* Sees 2013 net income approaching break-even
* Sees 2013 revenues flat from 2012’s 5.4 bln euros
* Restructuring costs so far total 325 mln euros (Adds details on restructuring costs, Q2 results)
FRANKFURT, May 17 (Reuters) - Osram, the lighting business being spun off by Germany’s Siemens, expects restructuring costs to continue to weigh on its financial results this year as it slashes jobs and sells factories in a bid to improve profitability.
Net income will approach break-even in the 12 months through the end of September following a 378 million-euro ($488 million) loss a year earlier, Osram said in a presentation published on Siemens’ website on Friday.
Osram, the world’s No. 2 player in the lighting industry after Philips, is in the midst of restructuring, having been slow to adjust to a shift in demand from traditional light bulbs to light-emitting diodes (LEDs).
Osram is cutting 8,000 jobs and reducing the number of factories it operates to 33 from 43 to save about 1 billion euros.

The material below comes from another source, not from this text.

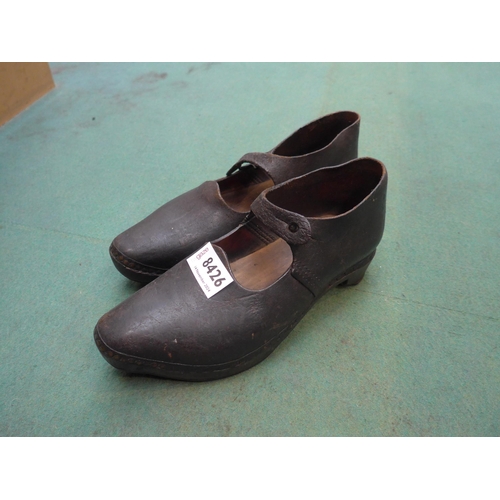 8426 - A pair of leather clogs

So far, it has spent 325 million euros on the restructuring.
It aims to lift its margin of earnings before interest, tax and amortisation (EBITA) over sales to more than 8 percent from 2015 onwards. In its fiscal second quarter, it came to 7 percent, excluding one-off items, which was still behind the 8.4 percent margin at Philips Lighting.
Osram said on Friday it expects revenues to remain flat at about 5.4 billion euros this year as a pickup in sales in the second half of its fiscal year offsets a 1.9 percent decline in the first six months.
Siemens aims to spin off 80.5 percent of Osram, which it says is worth about 3.2 billion euros, as it seeks to focus on its most profitable businesses. The company’s shares are expected to start trading in early July.
It has already warned shareholders not to expect any dividend payment from Osram this year but said Osram aims to pay out between 30 percent and 50 percent of net profit in the longer term.